Plein de verve et de détermination, il affichait une ambition claire : révolutionner l’appareil judiciaire congolais. Mais un an plus tard, c’est par la petite porte, bien que tête haute, qu’il quitte le ministère, emporté par un scandale de détournement présumé de fonds publics. Ironie du sort : la justice qu’il voulait soigner est désormais appelée à faire la lumière sur sa propre gestion.
Au cœur de cette affaire, un contrat de construction d’une maison carcérale à Kisangani, sa ville d’enfance, située dans la province de la Tshopo. Le projet, pourtant présenté comme une des vitrines de son programme d’humanisation des établissements pénitentiaires, est aujourd’hui soupçonné d’irrégularités financières majeures.
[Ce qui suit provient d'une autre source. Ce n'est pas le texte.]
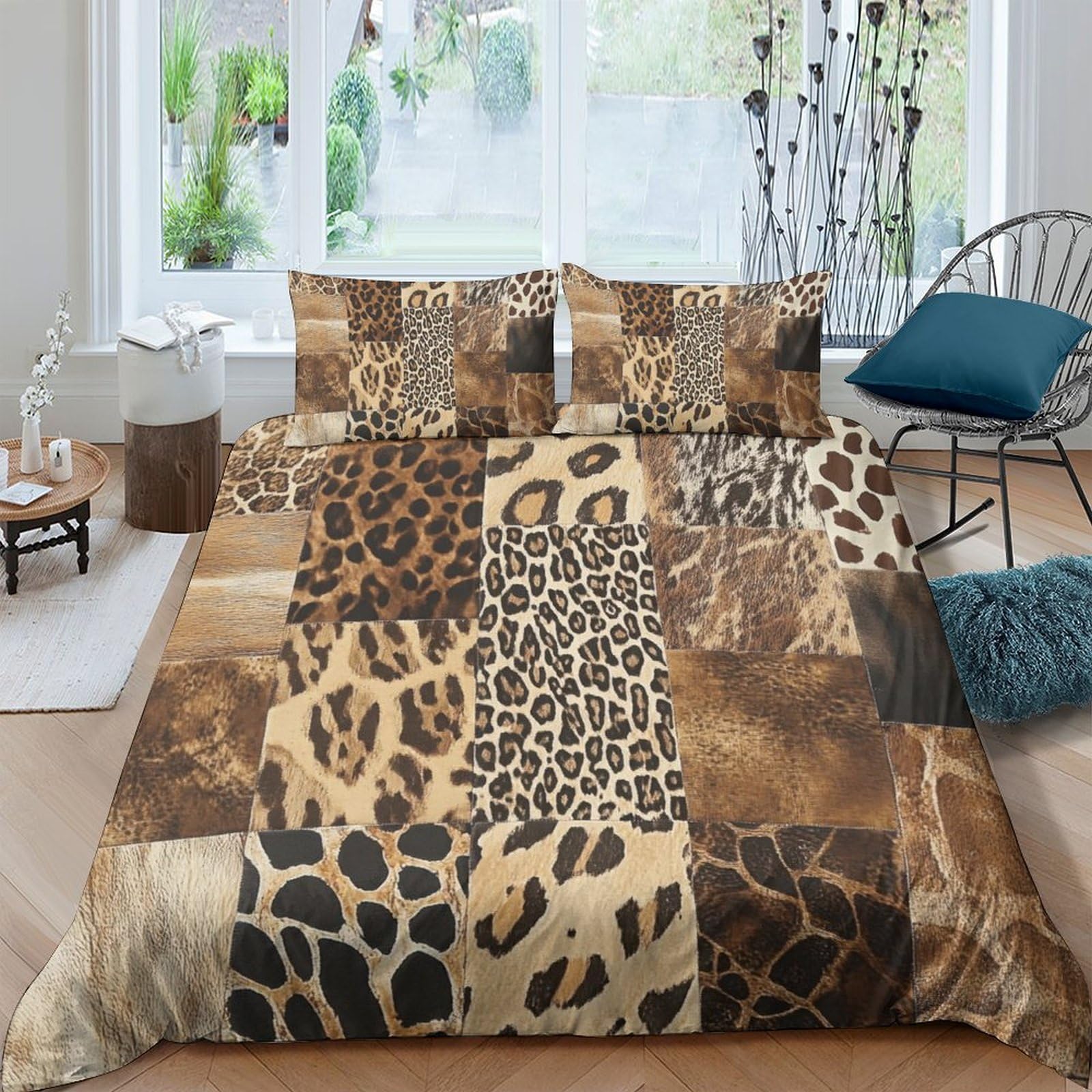 Ctjqhvkz Style-7 3D Printed Leopard Patchwork Fitted Sheet Microfiber Soft Anti-Slip Protection Bed Sheet For Bedroom Dorm Decor Single（135X200cm）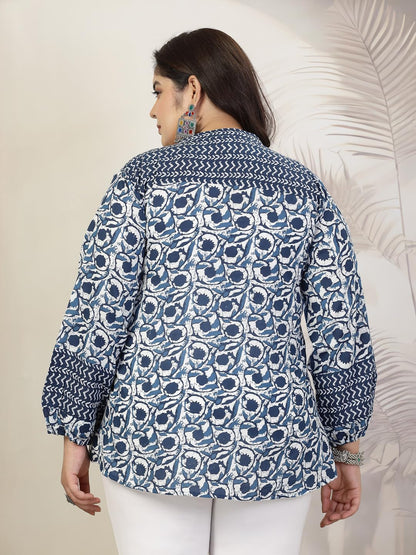 Stylum Womens Plus Size Floral Printed Cotton Top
Tout a commencé en mars dernier, lorsque le procureur général près le Conseil de Cassation a saisi l’Assemblée nationale pour obtenir l’autorisation d’ouvrir une instruction préjuridictionnelle. Il reproche à Mutamba d’avoir violé les règles de passation des marchés publics, en recourant à un contrat gré à gré avec un entrepreneur jugé peu fiable. Selon le magistrat Firmin Mvonde, plus de 19 millions de dollars ont été versés sur le compte de ce prestataire, argent intercepté par voie bancaire. Dans sa saisine, il évoque clairement un acte assimilable à un détournement de deniers publics.
Après avoir entendu l’ancien ministre en commission, la Chambre basse du Parlement a fini par autoriser les poursuites judiciaires, à la faveur d’un vote largement favorable lors de la dernière plénière de la session de mars. La deuxième requête du procureur, plus détaillée et ciblée, a également contribué à faire tomber son ex-supérieur hiérarchique.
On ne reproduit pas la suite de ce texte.